A família foi deslocada 11 vezes desde o início da guerra, disse Ahmed, explicando que a sua saúde e estado mental se deterioraram depois de passar tantos meses vivendo em tendas. A experiência significa que, se conseguir regressar ao Norte, jurou nunca mais partir – mesmo que o cessar-fogo falhe e a guerra rebente.
“Fomos forçados a fugir para áreas supostamente seguras, apenas para sermos alvos lá também”, disse Ahmed. “Mal posso esperar para beijar novamente o solo da Cidade de Gaza.
“Sinto falta dos meus parentes e da minha casa em Shujayea, mesmo que parcialmente destruída. Sinto falta do meu bairro e de tudo que existe lá.”

O que resta?
Embora toda a Faixa de Gaza, um enclave costeiro apenas 41 quilômetros (25 milhas) de comprimentofoi bombardeado por Israel durante a sua guerra, o norte foi particularmente devastado.
O movimento de colonos de extrema-direita de Israel até pressionou pela permanente limpeza étnica dos palestinos e o estabelecimento de assentamentos ilegais na região, onde ficava a maior área urbana do enclave antes da guerra, a Cidade de Gaza.
Vastas áreas do norte de Gaza parecem agora inabitáveis, mas Ansaf ouviu dizer que a sua casa, embora gravemente danificada, ainda está de pé.
“De acordo com os meus vizinhos, apenas um quarto e uma casa de banho na minha casa permanecem intactos, mas para mim, isso é o paraíso comparado com uma vida deslocada”, disse ela com um largo sorriso.
“Sinto muita falta da minha casa”, acrescentou Ansaf. “Só moramos lá nove meses antes do início da guerra e eu nem tinha terminado de mobiliá-lo.”
Ao contrário de Ansaf, Nada Awadallah não tem informações sobre as condições da sua casa no bairro de Tal al-Hawa, na cidade de Gaza. O que ela sabe é que a área ao redor de sua casa era uma zona militar israelense fechada e de difícil acesso.
Mas essa falta de informação não é uma confirmação de que a sua casa foi destruída. E para Nada isso basta para tentar voltar.
“Não posso acreditar que o dia do regresso finalmente chegou”, disse a senhora de 65 anos, com lágrimas nos olhos. “Vou suportar a exaustão. Estou aqui desde ontem à noite, dormindo na rua, e estou pronto para ficar até que possamos passar.
Nada fugiu com a família – cinco filhos e vários netos – de Tal al-Hawa no início da guerra, acabando por se instalar numa tenda em al-Mawasi, no sul de Gaza. E todos esses familiares decidiram, por enquanto, ficar onde estão.
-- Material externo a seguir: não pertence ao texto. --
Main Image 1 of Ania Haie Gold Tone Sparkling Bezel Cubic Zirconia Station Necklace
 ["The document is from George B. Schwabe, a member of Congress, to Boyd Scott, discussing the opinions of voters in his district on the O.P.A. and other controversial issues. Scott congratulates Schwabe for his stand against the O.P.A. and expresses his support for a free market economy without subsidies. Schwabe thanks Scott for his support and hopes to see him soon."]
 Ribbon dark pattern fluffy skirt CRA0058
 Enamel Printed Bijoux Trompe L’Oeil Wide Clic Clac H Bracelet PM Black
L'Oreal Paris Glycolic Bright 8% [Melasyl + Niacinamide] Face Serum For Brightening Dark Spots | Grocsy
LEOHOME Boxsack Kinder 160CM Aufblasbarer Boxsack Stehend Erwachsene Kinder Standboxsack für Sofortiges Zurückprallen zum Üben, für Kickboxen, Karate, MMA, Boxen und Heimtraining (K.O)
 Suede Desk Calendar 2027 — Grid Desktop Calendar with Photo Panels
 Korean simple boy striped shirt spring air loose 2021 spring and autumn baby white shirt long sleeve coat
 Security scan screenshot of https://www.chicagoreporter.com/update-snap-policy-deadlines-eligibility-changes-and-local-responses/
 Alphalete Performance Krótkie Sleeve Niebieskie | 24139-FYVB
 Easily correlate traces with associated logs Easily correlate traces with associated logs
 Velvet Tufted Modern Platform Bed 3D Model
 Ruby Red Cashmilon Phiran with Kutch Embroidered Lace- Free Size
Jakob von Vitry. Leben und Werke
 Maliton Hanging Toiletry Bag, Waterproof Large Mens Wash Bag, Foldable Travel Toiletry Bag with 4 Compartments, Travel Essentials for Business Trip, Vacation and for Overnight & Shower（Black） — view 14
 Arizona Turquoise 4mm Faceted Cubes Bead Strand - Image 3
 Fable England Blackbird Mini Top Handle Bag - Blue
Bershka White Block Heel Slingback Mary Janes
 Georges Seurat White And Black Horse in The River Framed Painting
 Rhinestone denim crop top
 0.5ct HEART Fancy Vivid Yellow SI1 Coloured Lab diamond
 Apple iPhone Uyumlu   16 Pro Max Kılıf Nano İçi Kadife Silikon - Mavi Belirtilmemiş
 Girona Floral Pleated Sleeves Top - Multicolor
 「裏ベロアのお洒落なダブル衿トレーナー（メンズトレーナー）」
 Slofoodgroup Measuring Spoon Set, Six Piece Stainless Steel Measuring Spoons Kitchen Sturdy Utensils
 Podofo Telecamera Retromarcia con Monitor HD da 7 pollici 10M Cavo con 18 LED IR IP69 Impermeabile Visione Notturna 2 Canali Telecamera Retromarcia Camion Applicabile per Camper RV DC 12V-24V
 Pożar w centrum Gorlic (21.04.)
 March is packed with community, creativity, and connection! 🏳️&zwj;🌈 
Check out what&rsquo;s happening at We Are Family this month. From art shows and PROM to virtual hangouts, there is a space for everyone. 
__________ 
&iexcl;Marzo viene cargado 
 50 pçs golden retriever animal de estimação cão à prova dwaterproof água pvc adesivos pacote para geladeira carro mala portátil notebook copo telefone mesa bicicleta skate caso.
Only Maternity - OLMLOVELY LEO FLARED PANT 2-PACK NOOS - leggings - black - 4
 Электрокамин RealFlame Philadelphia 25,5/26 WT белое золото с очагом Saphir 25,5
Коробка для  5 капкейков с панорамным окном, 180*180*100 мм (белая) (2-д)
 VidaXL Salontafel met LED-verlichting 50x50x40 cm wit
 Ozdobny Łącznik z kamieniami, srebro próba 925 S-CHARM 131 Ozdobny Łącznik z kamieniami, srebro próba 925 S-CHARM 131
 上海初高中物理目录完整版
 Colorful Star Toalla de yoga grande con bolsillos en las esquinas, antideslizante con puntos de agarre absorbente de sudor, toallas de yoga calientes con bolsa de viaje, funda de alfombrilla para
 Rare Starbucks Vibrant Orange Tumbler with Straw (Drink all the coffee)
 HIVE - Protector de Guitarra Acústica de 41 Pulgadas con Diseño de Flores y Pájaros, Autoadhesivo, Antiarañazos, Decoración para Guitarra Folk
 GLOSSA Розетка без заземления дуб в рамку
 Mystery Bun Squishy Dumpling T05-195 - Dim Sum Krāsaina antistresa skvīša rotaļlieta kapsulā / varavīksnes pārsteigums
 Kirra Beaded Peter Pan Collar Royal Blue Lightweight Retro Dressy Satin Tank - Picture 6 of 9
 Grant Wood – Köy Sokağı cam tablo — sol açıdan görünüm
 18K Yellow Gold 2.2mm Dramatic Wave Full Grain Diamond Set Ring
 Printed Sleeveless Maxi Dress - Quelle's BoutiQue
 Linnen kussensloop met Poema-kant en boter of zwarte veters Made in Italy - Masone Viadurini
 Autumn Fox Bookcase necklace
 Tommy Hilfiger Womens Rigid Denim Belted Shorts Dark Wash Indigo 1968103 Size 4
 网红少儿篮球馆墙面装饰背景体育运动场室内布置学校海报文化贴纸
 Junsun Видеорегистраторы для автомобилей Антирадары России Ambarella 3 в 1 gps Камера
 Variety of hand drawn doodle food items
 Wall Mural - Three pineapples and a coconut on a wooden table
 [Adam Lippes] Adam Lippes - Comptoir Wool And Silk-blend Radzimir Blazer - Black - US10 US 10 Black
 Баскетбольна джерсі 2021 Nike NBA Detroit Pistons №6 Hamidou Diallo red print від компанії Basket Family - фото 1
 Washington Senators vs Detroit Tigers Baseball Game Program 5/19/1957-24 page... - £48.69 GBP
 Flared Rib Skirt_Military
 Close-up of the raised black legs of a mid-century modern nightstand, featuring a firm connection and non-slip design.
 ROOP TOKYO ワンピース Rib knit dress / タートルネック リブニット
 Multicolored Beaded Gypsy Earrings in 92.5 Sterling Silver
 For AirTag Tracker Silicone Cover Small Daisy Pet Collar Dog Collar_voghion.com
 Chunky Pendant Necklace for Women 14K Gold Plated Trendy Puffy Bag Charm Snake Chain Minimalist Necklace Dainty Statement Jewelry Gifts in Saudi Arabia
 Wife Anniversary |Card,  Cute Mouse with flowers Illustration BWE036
“Houve um debate entre nós sobre esperar mais antes de voltar, mas eu não podia esperar mais”, disse Nada. “Eu disse a eles que rastejaria se fosse necessário. O que importa é que eu volte e verifique minha casa.”
Voltando aos escombros
Mahmoud Mohsen, 57 anos, pai de sete filhos, visitou o túmulo de sua filha no cemitério de Deir el-Balah, no centro de Gaza, antes de seguir em direção a Netzarim.
A filha de Mahmoud, juntamente com o marido e três filhos, foram mortos num atentado bombista em Nuseirat em novembro de 2023.
Originário de Beit Lahiya, no norte de Gaza, Mahmoud fugiu para o sul, para Rafah, no início da guerra. Após vários deslocamentos, ele finalmente se estabeleceu em Deir el-Balah.
“Tudo o que quero agora é voltar para os escombros da minha casa. Nada mais importa”, disse Mahmoud enquanto olhava para o posto de controle. “Vou ficar aqui até ter permissão para passar.”
“Só de chegar a esta área me trouxe de volta à vida. Sinto falta do ar de Gaza”, disse Mahmoud. “Nossa jornada durante a guerra foi de dificuldades após dificuldades. Chega desse inferno.